# VST step sequencer recommendations



## creativeforge (Jul 21, 2017)

I'm trying to find a simple to use/understand sequencer I can use to enter chords all at once. Not by drawing in individual notes, but by playing full chords on a controller. Ideally, after each chord is played, the cursor would move in place for the next chord to be entered. And I could select/modify time signature and tempo. 

My present DAW is Mixcraft, but I can't see these functions in it. 

Thank you in advance,

Andre


----------



## synthpunk (Jul 21, 2017)

Cthulhu
https://www.xferrecords.com/cthulhu

There are some free ones listed here you could try
https://www.kvraudio.com/forum/viewtopic.php?p=6219446


----------



## chimuelo (Jul 21, 2017)

Make 8 bar loops.
MIDI CCs for solo and mute groups.
Step sequencers are pieces of a DAW.


----------



## rrichard63 (Jul 21, 2017)

If you own another DAW that has step entry, you could use that to "record" the sequence of chords and then export the MIDI to Mixcraft. I'm suggesting this on the principle that a tool you already know how to use is sometimes more efficient than one you have to learn from scratch. Sequencers and arpeggiators can be complicated beasts, at least for me.

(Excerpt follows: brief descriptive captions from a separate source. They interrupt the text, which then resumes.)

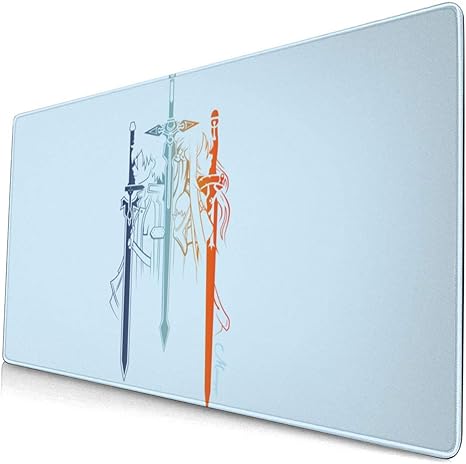 Amazon Co Jp ソードアート オンライン Sao ゲーミングマウスパッド 大型マウスパッド おしゃれ マウスパッド かわいい 滑り止め キーボードパッド オフィス デスクマット 光学式マウス対応jiangzhstu ホーム キッチン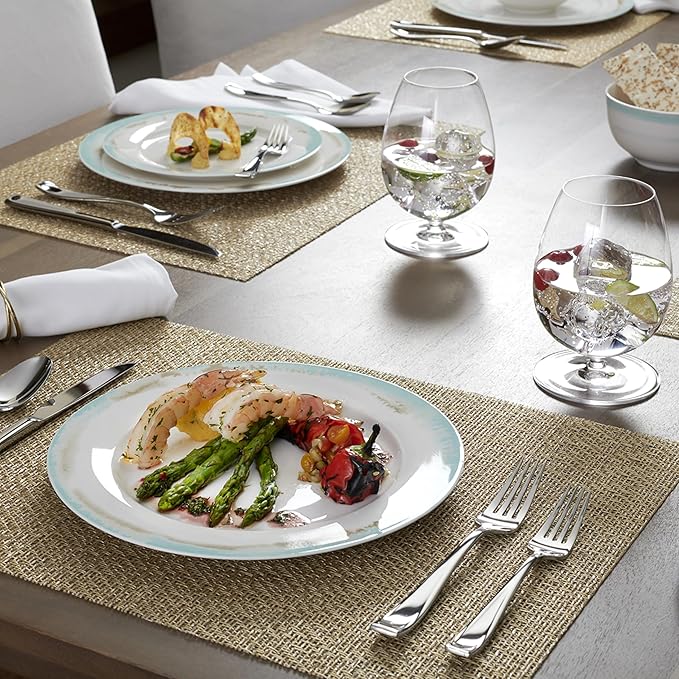 Oneida Moda 65-Piece 18/10 Silverware Set for 12, Flatware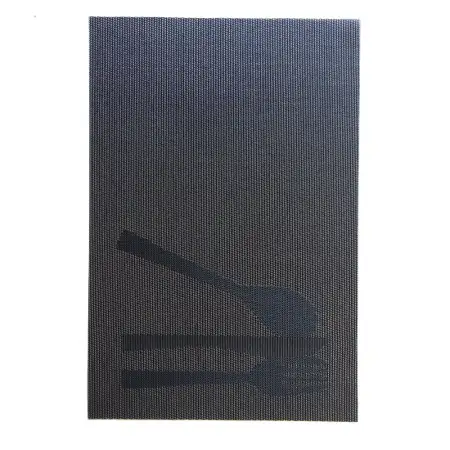 #81550-BK; PVC placemat 45x30cm ..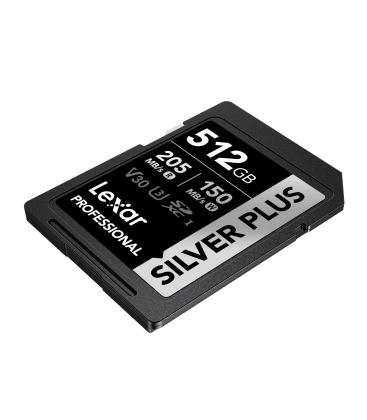 Lexar LSDSIPL512G-BNNNG - SILVER Plus UHS-I SDXC 512GB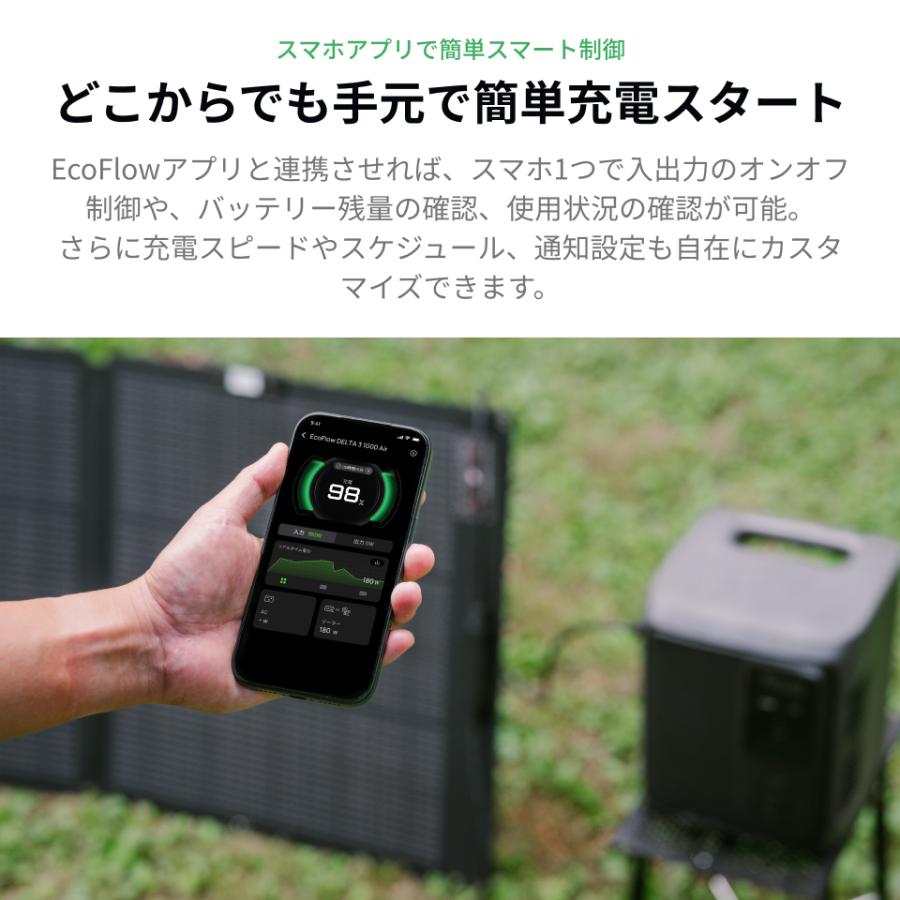 ECOFLOW 新発売！ポータブル電源 DELTA 3 1000 Air + 110Wソーラー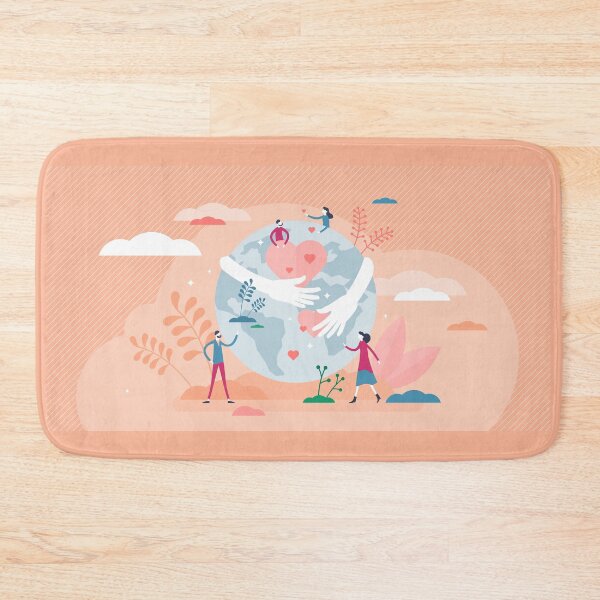 Item preview, Earth Hug Edition - National Nonprofit Day World Orange/ Grey designed and sold by Benjamin Daniel.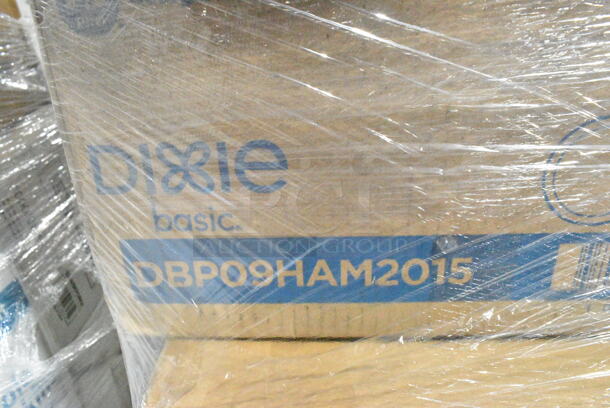 PALLET LOT of 23 BRAND NEW Boxes Including 130WWHFORKH Choice White Heavy Weight Wrapped Plastic Fork - 1000/Case, Fineline 5080-BK Super Bowl 80 oz. Black PET Plastic Bowl - 25/Case, DBP09HAM2015 Dixie Hampton Inn Dixie Basic 8-1/2" Plate Case Of 500, 760SOUP8WPA Choice 8 oz. White Double Poly-Coated Paper Food Cup with Vented Paper Lid - 250/Case, 4 Box 5001RT800B Lavex 8" White Hardwound Paper Towel, 800 Feet / Roll - 6/Case, 2 Box 395TO961 EcoChoice 9" x 6" x 3" Compostable Sugarcane / Bagasse 1 Compartment Take-Out Container - 200/Case, 395TO991 EcoChoice 9" x 9" x 3" Compostable Sugarcane / Bagasse 1 Compartment Take-Out Box - 200/Case, 2 Box 128HD12COMBO Choice Heavy Duty 12 oz. Microwavable Translucent Plastic Deli Container and Lid Combo Pack - 240/Case, 50010W Choice 10 oz. White Poly Paper Hot Cup - 1000/Case. 23 Times Your Bid!  - Image 6 of 12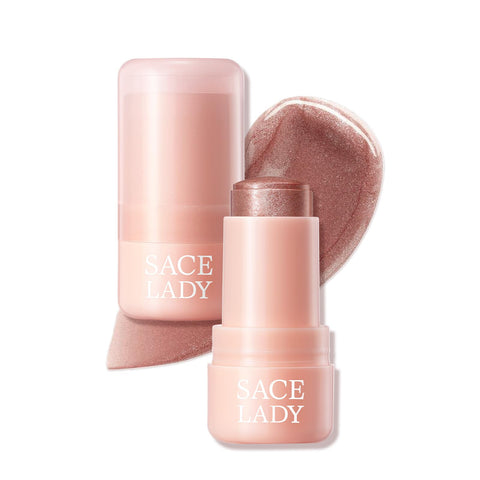 SACE LADY Highlighter Stick – Hydrating Jelly Glow, Long-Lasting Radiance & Multi-Use Shimmer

Otherwise, based on what I've heard about it, I would second the recommendation to try Cthulhu for chord progressions. It has a free trial period and is pretty inexpensive.


----------



## creativeforge (Jul 21, 2017)

chimuelo said:


> Make 8 bar loops.
> MIDI CCs for solo and mute groups.
> Step sequencers are pieces of a DAW.



Sadly - and it's embarrassing - I have no idea what this all means. The only sequencers I ever used were in hardware synths, the Korg 01/W, Korg Trinity and Korg Triton. I never was able to convert this knowledge into a DAW format. I have a mental block when it comes to this, but I'd like to move beyond that now. I need a short course for dummies... 

Cthulhu does present itself as a perfect fit, though. I plan to be trying it out over the week-end. Thanks guys!


----------



## elpedro (Jul 22, 2017)

*SquaredHeads Nora* is worth checking out


----------



## rrichard63 (Jul 23, 2017)

creativeforge said:


> ... Cthulhu does present itself as a perfect fit, though. I plan to be trying it out over the week-end. Thanks guys!

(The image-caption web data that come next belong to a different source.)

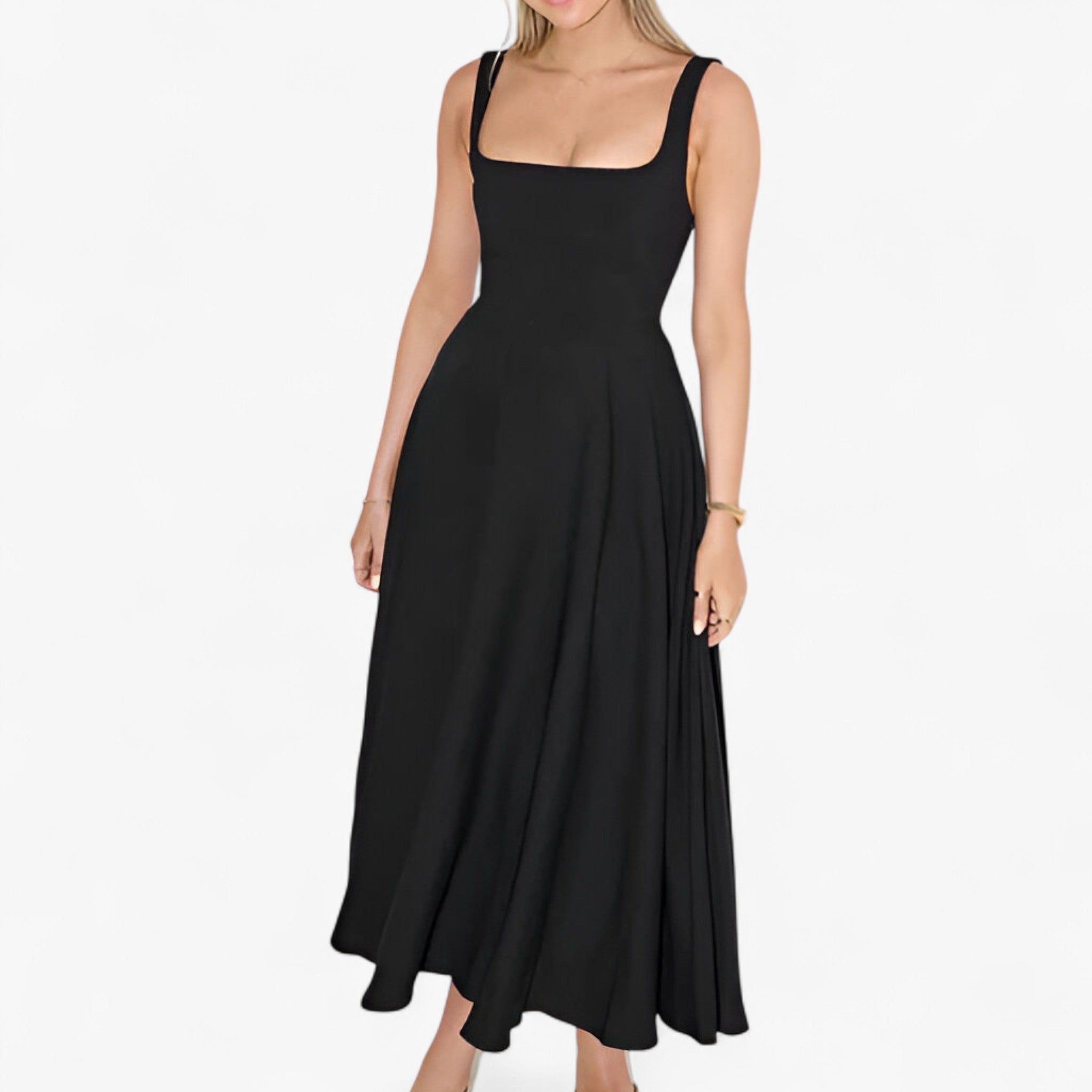 Vestito midi Donna - - bredde stropper kjole donna dresses elegant midi kjole farverig midi kjole feminine kjole figursyet kjole midi midirok moderne kjole design romantisk middag kjole sommerbryllup kjole stilfuld kjole vestito vestito midi - Concept Palermo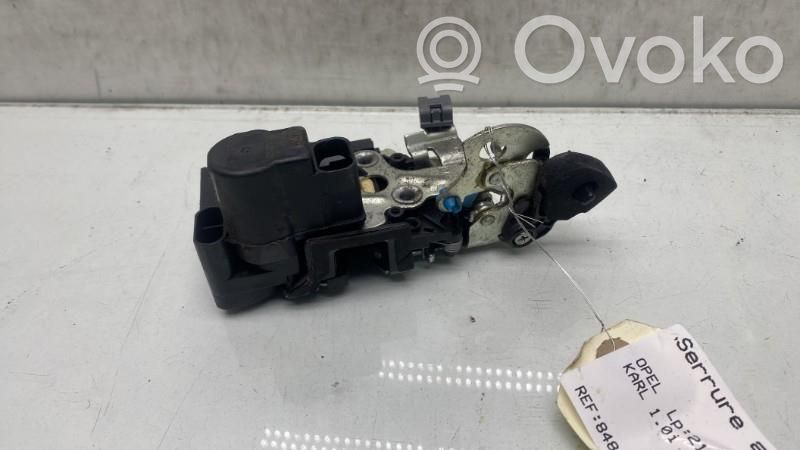 Opel Karl Serrure de porte arrière 
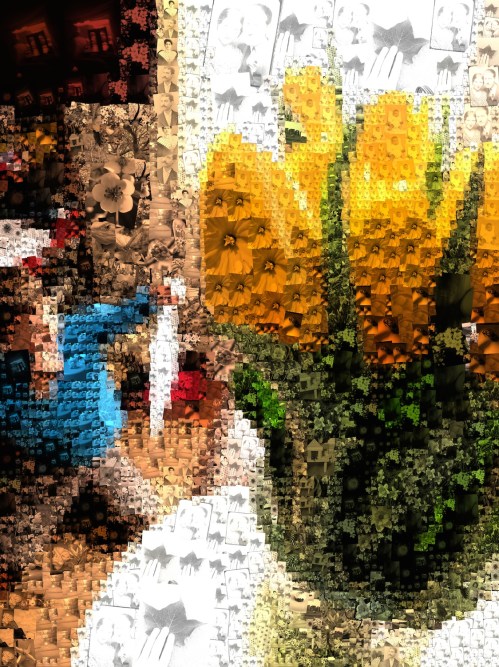 Tulips Spark Creation Photo Mosaic 2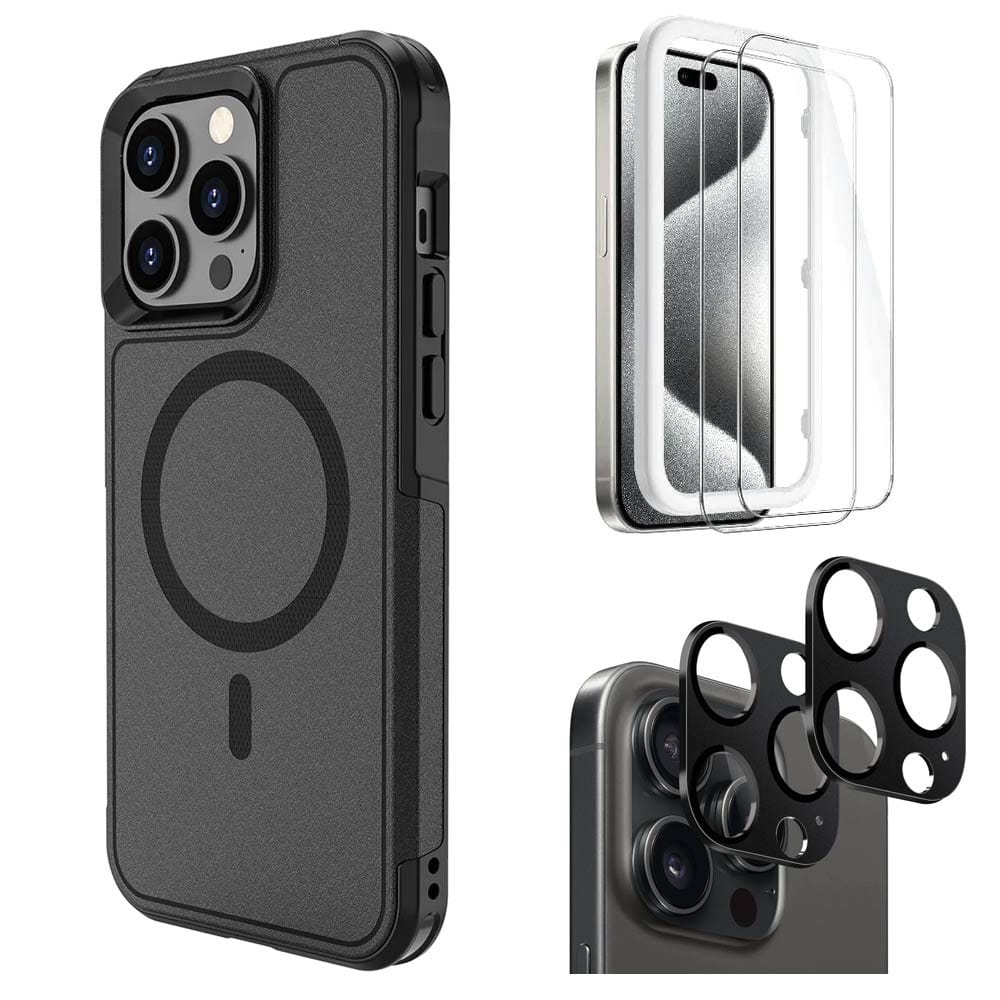 Raider Series Magsafe Case with Screen and Camera Protector for iPhone 15 Pro Max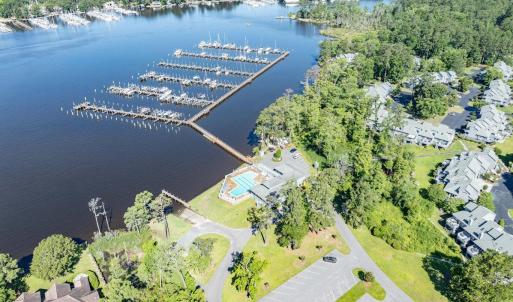 Marina aerial view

Let us know what you find out about Cthulhu. I'm trying to understand these things better myself.


----------



## AllanH (Jul 24, 2017)

Here a few additional ones I've looked at: 
BlueARP by Graywolv (free), 
Kirnu Cream, and Squareheads Nora.


----------



## synthpunk (Jul 24, 2017)

Five 12 Numerolgy http://www.five12.com comes with a midi plugin version as well. It's more based on recreating analog sequencers but I quite enjoy it on the on occasion. I also like the fact that you can physically trigger things using a Novation Launchpad Jr.


----------



## manuhz (Jul 24, 2017)

Numerolgy is great but available only on Mac


----------



## synthpunk (Jul 24, 2017)

My bad.



manuhz said:


> Numerolgy is great but available only on Mac


----------



## Krisemm (Aug 1, 2017)

I agree with cthulhu. Haven't used it in a while, but its good.
Kirnu cream is also good.

Have a look at this one. Sugar Bytes are really good at thinking outside the box, and they always have a ton of randomization features to make happy accidents that you wouldn't ordinarily have consciously thought of.
This one is a bit of a beast and does everything you could possibly want a midi sequencer to do, and plenty besides...

https://sugar-bytes.de/en/consequence

Thesys is also worth a look

https://sugar-bytes.de/en/thesys

Im personally a big fan of Sugar Bytes. Always innovative and fresh.


----------



## heisenberg (Aug 1, 2017)

Sugar Bytes stuff looks great. When do they typically have sales?


----------



## Krisemm (Aug 1, 2017)

heisenberg said:


> Sugar Bytes stuff looks great. When do they typically have sales?




Black friday is coming up so you never know. I think thats when I bought most of the sugar bytes plugins I have.
Keep an eye out on plugin boutique around black friday


----------



## Sosimple88 (Aug 18, 2017)

I also have Kirnu Cream and it's great for what you're looking for.


----------



## gsilbers (Sep 25, 2017)

nora from squareheads


----------



## Alohabob (Sep 26, 2017)

I could be way off on what you are looking for. i'm a very old school composer and I used to write completely by step editing. It sounds like you simply want to write a piece of music, not by playing live and recording but not always hand drawing every note.

Seems you want to enter in a series of chords by placing your cursor at the start of measure one, play a chord and then have it appear as a chord of whole notes, then your cursor moves to the start of measure two, you press the chord and it shows up and move to measure three, etc. Am I correct?

If this is what you want, lol into Studio One 3 by Presonus. That is how I usually compose music and after trying many programs it is the one that best resembled the program I used back in the 80s and 90s. It can do very advanced things as well, but I found it had the best interface and system for step editing. You can easily switch from whole to quarter notes and step right through your music.


----------



## synthpunk (Oct 2, 2017)

Here is a freebie one

HY Free Step Sequencer
https://hy-plugins.com/product/hy-seqcollectionwinmac/

click download/free version


----------



## gsilbers (Oct 2, 2017)

keystep from arturia is another option.


----------



## synthpunk (Dec 8, 2017)

Another HY Step Sequencer, see free version.
https://hy-plugins.com/product/hy-rpewin-mac/



synthpunk said:


> Here is a freebie one
> 
> HY Free Step Sequencer
> https://hy-plugins.com/product/hy-seqcollectionwinmac/
> ...


----------